The Cubs lost 93 games in 1949 -- the second straight year they had done that, and second straight year they finished last, after having never done so before 1948. They fell to eighth place May 9, and apart from two weeks in seventh place in late May, never got out of the cellar again.
Andy Pafko (the Cubs' only All-Star) and the midseason-acquired Hank Sauer hit reasonably well, but the rest of the team provided no offense at all (last in the league with 593 runs scored). Of the 15 pitchers used during the year, only two of them posted ERAs under 4.00 (swingman Bob Chipman and reliever Emil Kush), and the Cubs staff allowed the most runs in the National League, 770.
The 1949 Cubs were one of the worst teams in franchise history; the 93 defeats (the .396 percentage equivalent to 98 losses in a 162-game season) was the team record.
Enough of this, then; there really isn't a single Cubs-related event in 1949 that's worth recounting here.
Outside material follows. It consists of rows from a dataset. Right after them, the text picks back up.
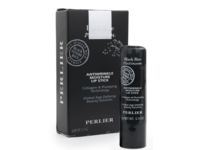 Perlier Black Rice Platinum Antiwrinkle Moisture Lip Stick, 0.14 oz/4 g - Image 2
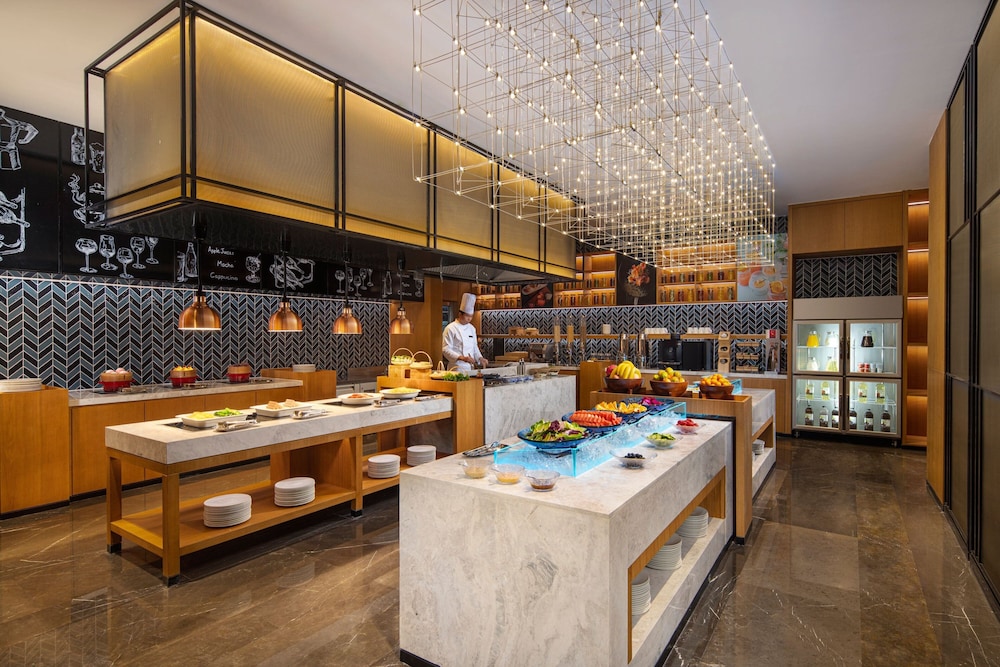 Fairfield by Marriott Hangzhou Xiaoshan 13/18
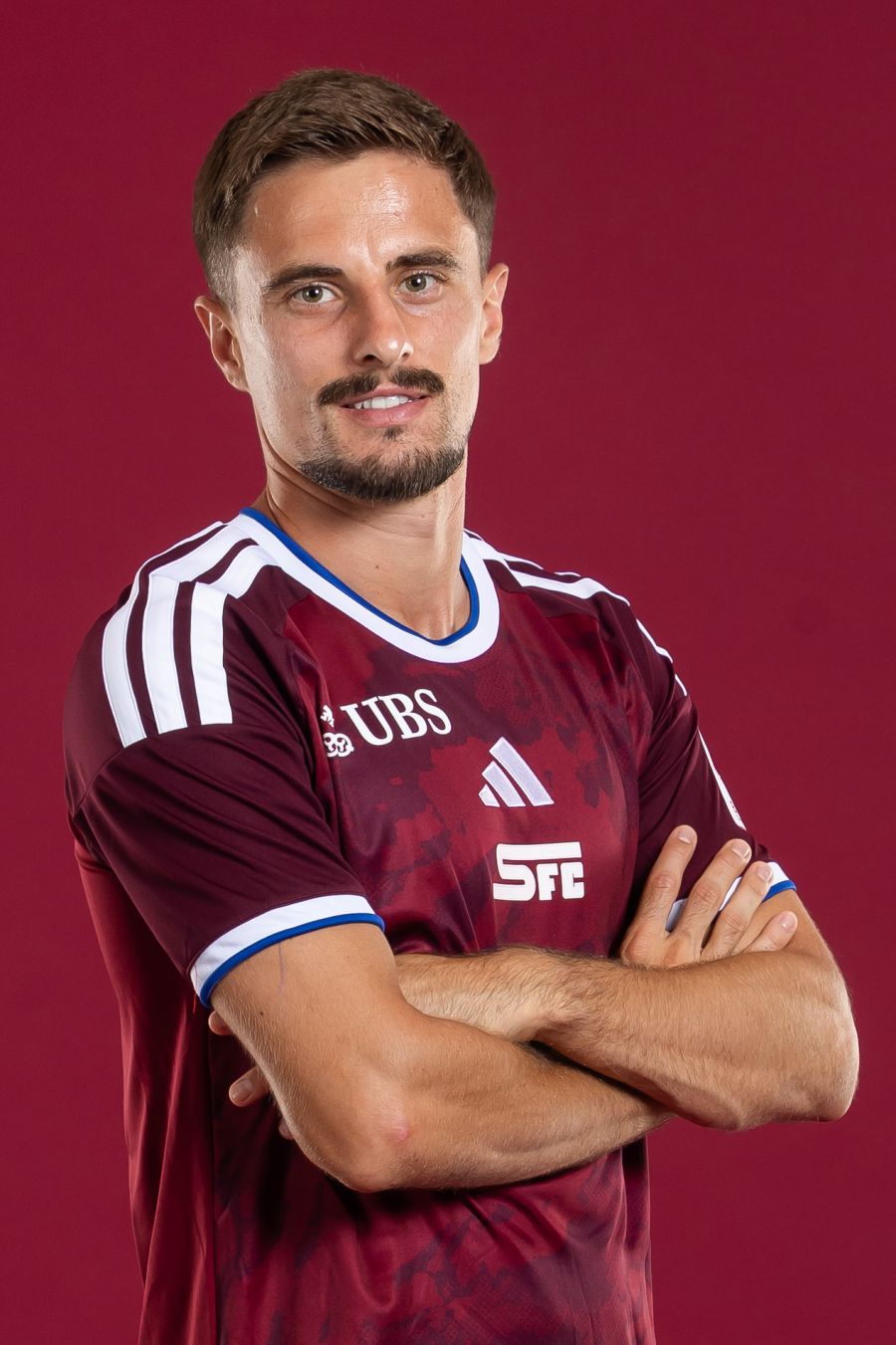 Quentin Maceiras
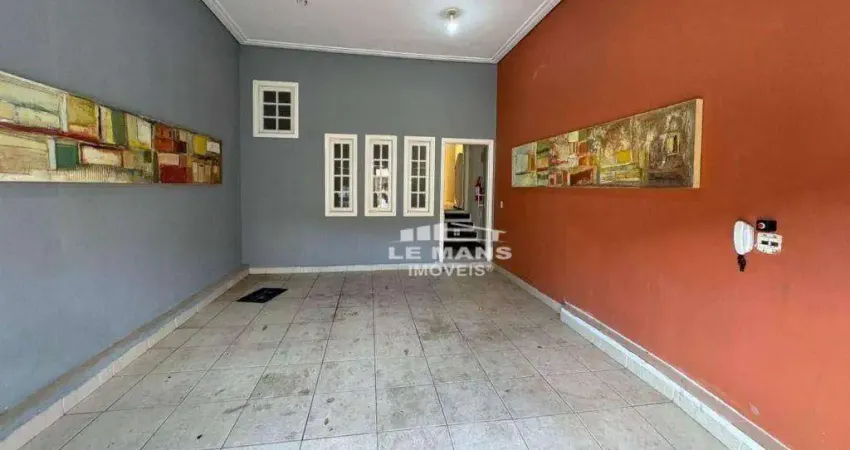 Casa para venda e locação no bairro dos alemães em piracicaba/sp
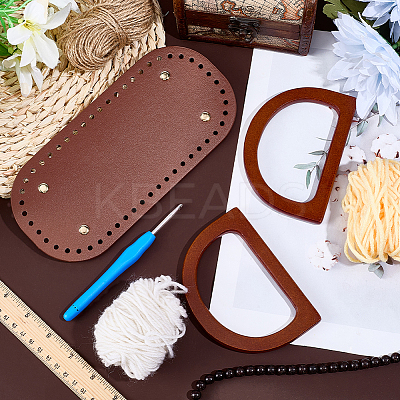 DIY Purse Making Kits PURS-CL0001-23B-1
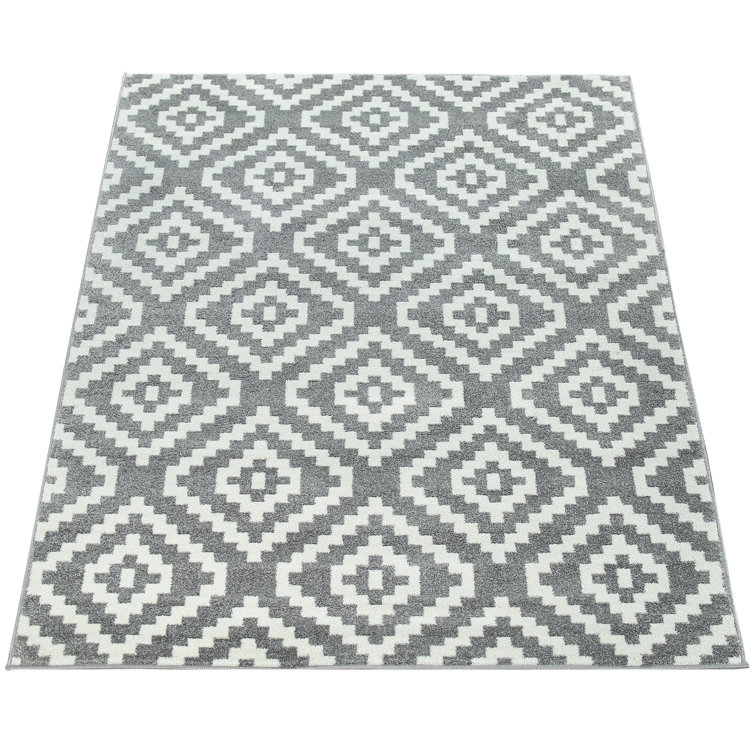 Delilia Moroccan Indoor Rug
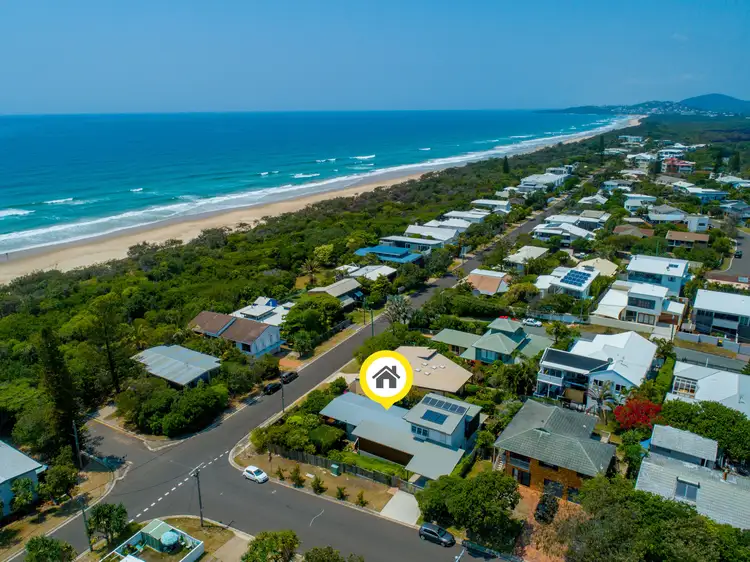 Third view of Homely house listing, 7 Jabiru Street (Lorikeet Drive), Peregian Beach QLD 4573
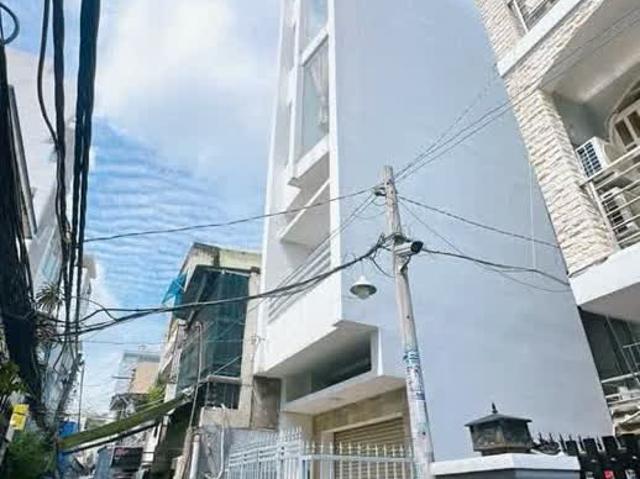 Nhà bán tại Thủ Đức, Hồ Chí Minh
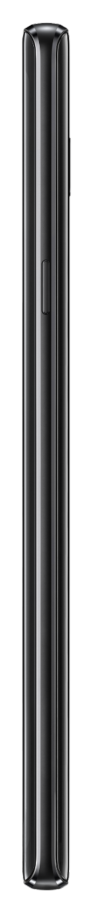 Móvil - Samsung Galaxy Note 9, Negro, 128 GB, 6 GB RAM, 6.4", Exynos 9810, 4000 mAh, Android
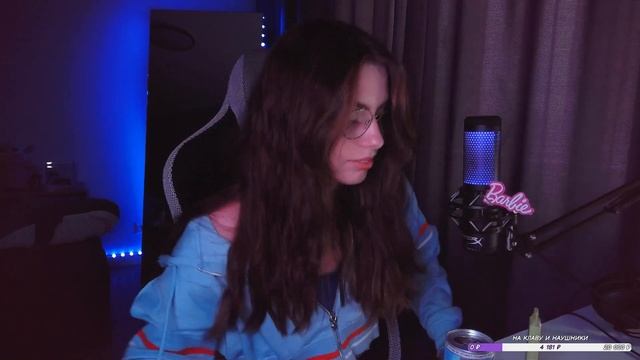 УФФФ БАРБИ ГЕРЛ СПАЛИЛА П0ПУ И ТРУСИКИ смотреть онлайн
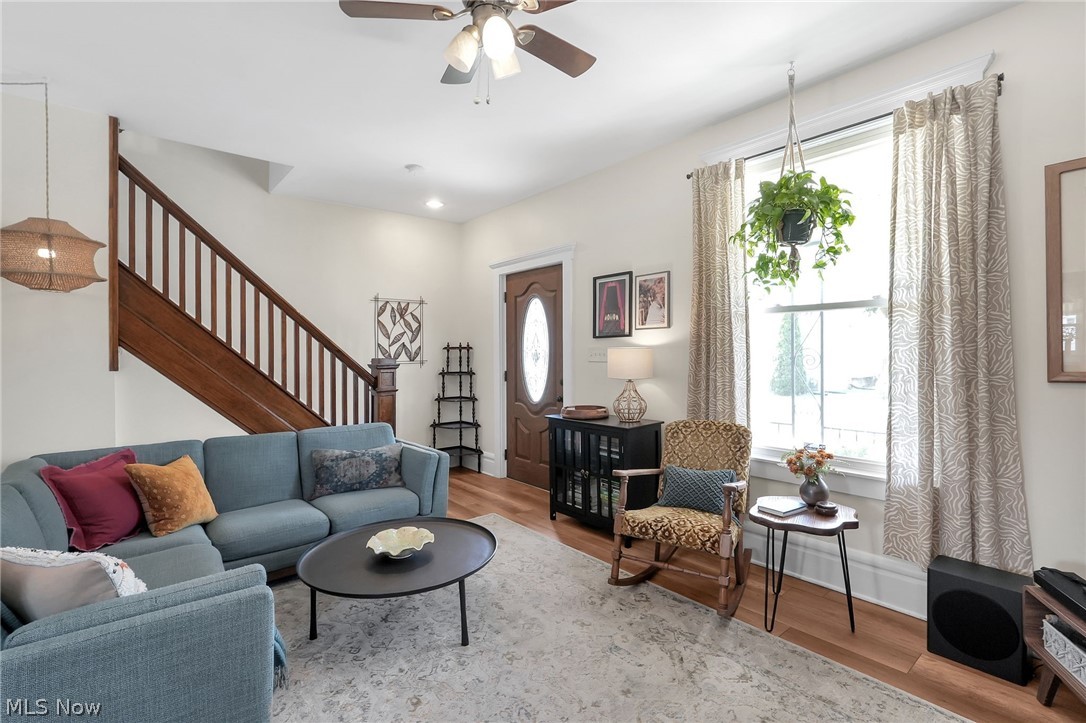 Hinmans Add - Residential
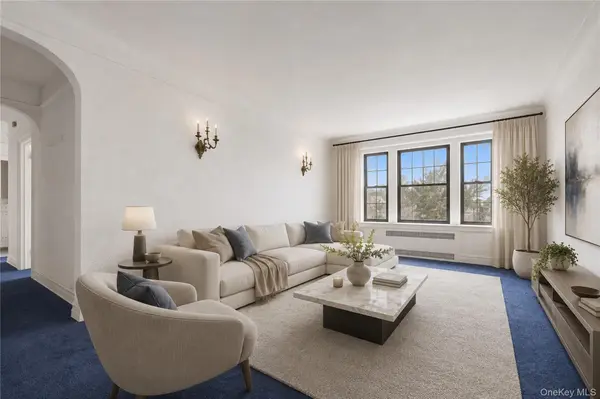109-14 Ascan AVE #5A, Forest Hills, NY 11375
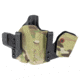 Safariland INCOG-X, Joint Collaboration with Haley Strategic, Inside the Waistband Holster, Fits SIG P365 X-Macro Fuse with Light, Integrated Magazine Caddy, Microfiber Suede Wrapped Boltaron Construction, Multicam, Right Hand, 1341391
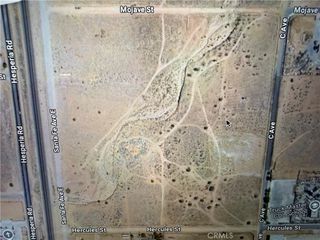 0 Hercules, Hesperia, CA 92345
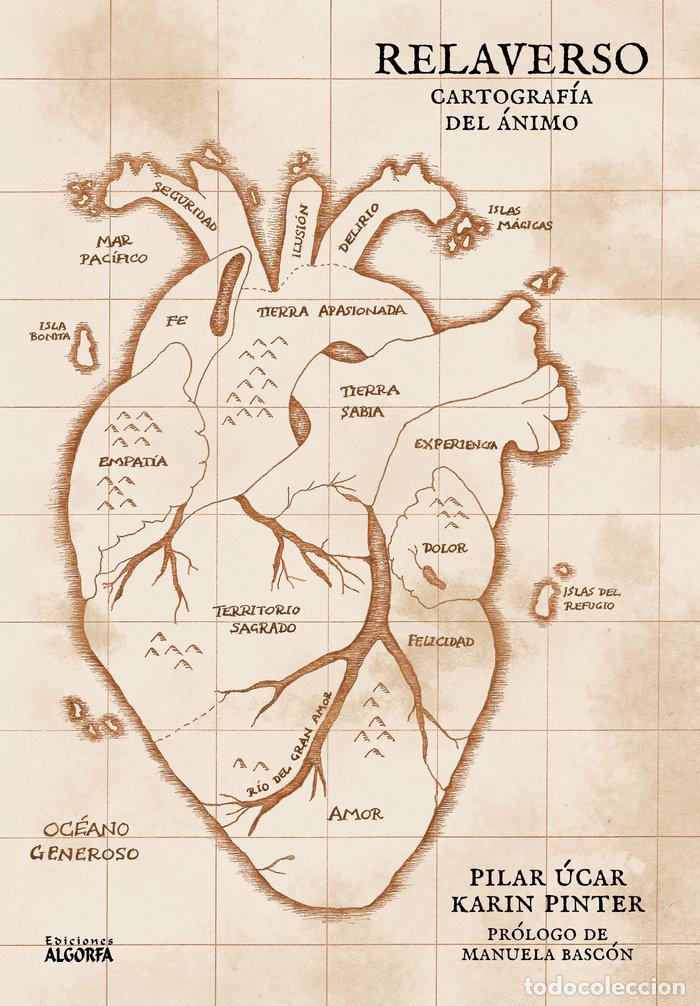 Libros: RELAVERSO - UCAR, PILAR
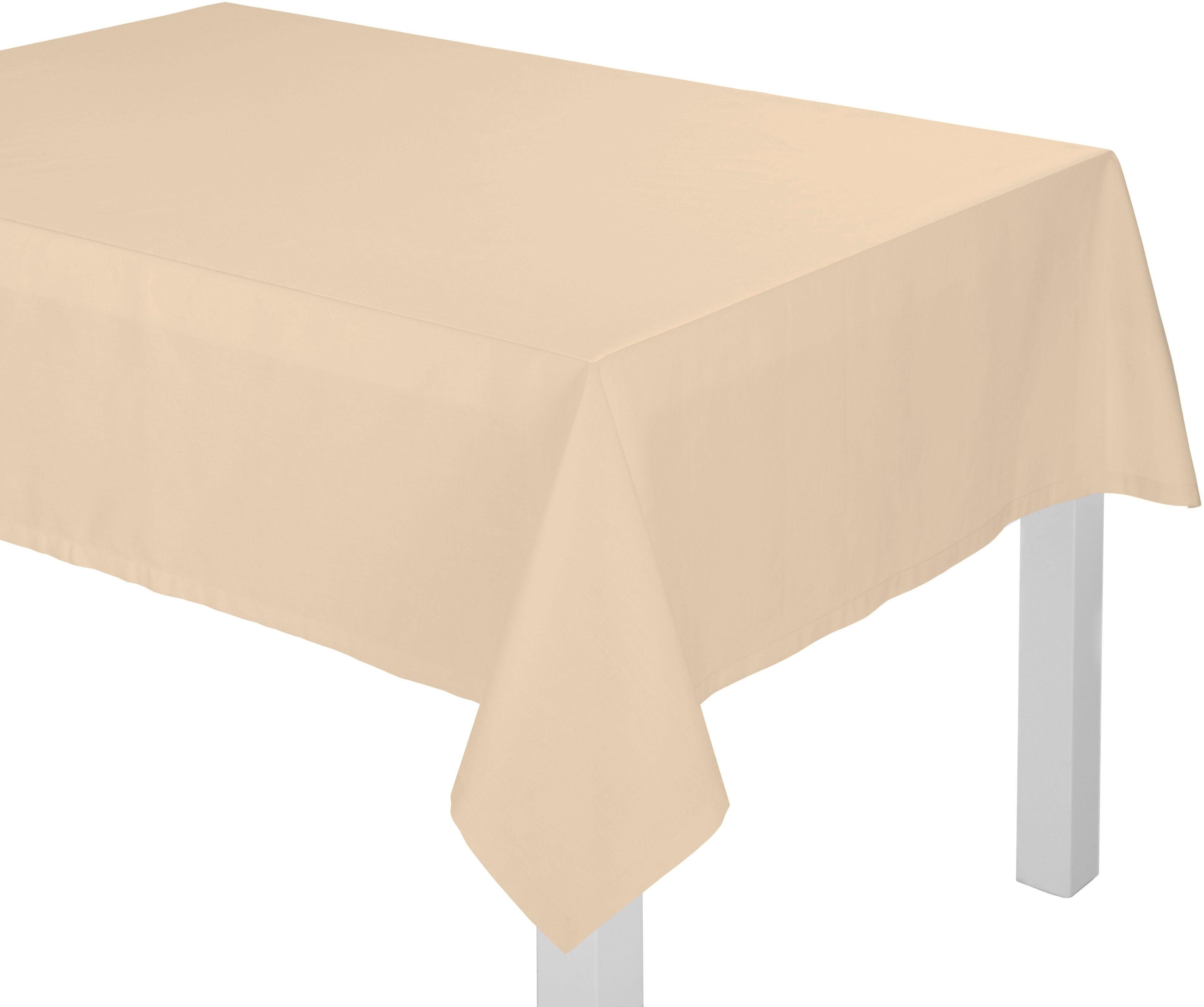 Wirth Tischdecke NEWBURY (1-tlg) günstig online kaufen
Instead, I present for you this non-bylined story from the October 6, 1949 edition of the Tribune:
In order that sports fans will be able to see the world series before and perhaps in the early stages of the Bears' game with the Los Angeles team in Wrigley field Sunday, Phil Wrigley, owner of the Cubs has made arrangements for the installation of five television screens in the stands. The telecast will start at 1 p.m., and fans have been invited to go to the ball park early for the series game. Kick-off in the National football league game will be delayed until 2:45 p.m. The television screens will be installed at various points in the stands.
Imagine that happening today -- a football game being delayed so people could watch a baseball game on TV? Not a chance. Remember, though, that television was in its infancy in 1949. Most people did not have a television in their homes yet -- according to this page, a DuMont 20-inch TV had its price "reduced" to $999, a cost far beyond affordability for most Americans in those days.
Further, the NFL hadn't become the TV-friendly league it is now; that didn't happen until after the famous Giants/Colts overtime championship game of 1958, when TV executives realized that football was perfect for television and the public was much more interested in it. The Bears/Rams game wasn't televised at all; teams did their own TV deals until the early 1960s.
Another Tribune article about this event called the TVs to be installed at Wrigley Field "giant" screens. Most likely, these were the 20" screens mentioned in the previous link; most television sets in that era were seven-inch, 10-inch or 12-inch diagonal screens.
The baseball game on that Sunday afternoon was Game 5 of the World Series. It turned out to be the clinching game, as the Yankees defeated the Dodgers to win the Series four games to one. The boxscore says the game ran three hours and four minutes -- a long game for that era -- and thus it would have been going on well over an hour after the football game began. They couldn't have started the football game much later than 2:45, as sunset in Chicago October 9, 1949 was 5:24 p.m. (Harry Warren's Bears recap in the Tribune said "the game was completed in twilight at 5:31 p.m.")
At Wrigley, the Bears lost that day to the Rams 31-16 in front of 42,124. Though the recap mentioned the delay for the kickoff due to the World Series telecast, it didn't say how many people showed up early to watch on television. Pity, I'd have liked to have known that. The Bears finished the 1949 season 9-3, but missed the playoffs. Had they defeated the Rams on that October day, they'd have won their division and gone to the NFL title game.